Forum Moderators: phranque
i'm a newbie here. i have been a lurker for the past year or so, using this board as a resource for any webmaster questions i have! thanks for all your help.
my question is do search engine view mod_speling rewrites as duplicate content? does the module return a 404 header to the search engine or 301?
our website's directory structure uses capitalized first letters and i've noticed while looking through our error logs that spiders constantly search our site using all lowercase. i just loaded the mod_speling module and set CheckSpelling on in httpd.conf.
was this a smart thing to do?
thanks.
If you encounter problems, look into using mod_rewrite's RewriteMap function to call "toupper" for the firs character in your directory paths and generate a proper redirect response. This is given in the mod_rewrite documentation as an example.
Take-home point: Uppercase characters in URLs are a headache with *nix-based servers, and lead to many client-induced errors.
Jim
thanks for your reply.
i checked the header response for a specific url which is 2 directories deep, and it is redirected permanently with a 301 twice before finding the correctly capitalized URL and returning 200 OK.
so that means no duplicate content, right?
i tried rewriting urls with a rewrite map and toupper, but it was a major, major headache because there are just too many different combinations as well as the use of underscores.
thanks for your help.
RewriteMap up int:toupper
#
# Capitalize first letter of directory, four directory levels deep
RewriteRule ^/([a-z])([^/]*)/([a-z])([^/]*)/([a-z])([^/]*)/([a-z])([^/]*)/(.*)$ http://www.example.com/${up:$1}$2/${up:$3}$4/${up:$5}$6/${up:$7}$8/$9 [R=301,L]
#
# Capitalize first letter of directory, three directory levels deep
RewriteRule ^/([a-z])([^/]*)/([a-z])([^/]*)/([a-z])([^/]*)/(.*)$ http://www.example.com/${up:$1}$2/${up:$3}$4/${up:$5}$6/$7 [R=301,L]
#
# Capitalize first letter of directory, two directory levels deep
RewriteRule ^/([a-z])([^/]*)/([a-z])([^/]*)/(.*)$ http://www.example.com/${up:$1}$2/${up:$3}$4/$5 [R=301,L]
#
# Capitalize first letter of directory, one directory level deep
RewriteRule ^/([a-z])([^/]*)/(.*)$ http://www.example.com/${up:$1}$2/$3 [R=301,L]
The four-level-deep restriction is caused by mod_rewrite's limit on back-references (9), but a multi-step rewrite could still be written if your directories go more than four levels deep.
Jim
[edited by: jdMorgan at 8:01 pm (utc) on Jan. 24, 2007]
in general, we only have directories 3 level deep. so then i'd have to account for rewrites such as:
/Shoes/Running-Shoes/Nike
/Socks/Hiking/North-Face
/Wind-Breaker/Summer-Time/Water-Proof
/Brands/CA-Brand-Names/Roots-Canada
I do want to do what's best, whether it be using mod_speling or rewritemaps, but my novice-mind just couldn't seem to get the rewriterules to work correctly the majority of the time.

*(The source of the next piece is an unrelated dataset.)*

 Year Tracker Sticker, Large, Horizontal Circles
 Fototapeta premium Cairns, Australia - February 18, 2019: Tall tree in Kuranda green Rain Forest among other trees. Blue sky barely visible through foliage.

Even with all those different combinations, is it still best to use a rewritemap and rewrite rules?
Plus, I started getting weird rewrites such as "c0c1", which is another question in itself.
Search engines don't *always* try to access my url's using lowercases, but I do see it in my error logs. The reason I am doing this is because our site recently dropped in google ranking and a consultant said that lowercase versions of my url's resulting in 404's may have had something to do with it.
Thanks again for all your help.
You'll have to choose between URL-aesthetics and ranking, I'm afraid. The latest word has it that PageRank only passes reliably through a single 301 redirect. This was the impetus for the recent thread, "A guide to fixing duplicate content & URL issues on Apache [webmasterworld.com] - How to canonicalize all of your URLs with a single redirect." Unfortunately, I see no elegant solution to your problem. :(
Jim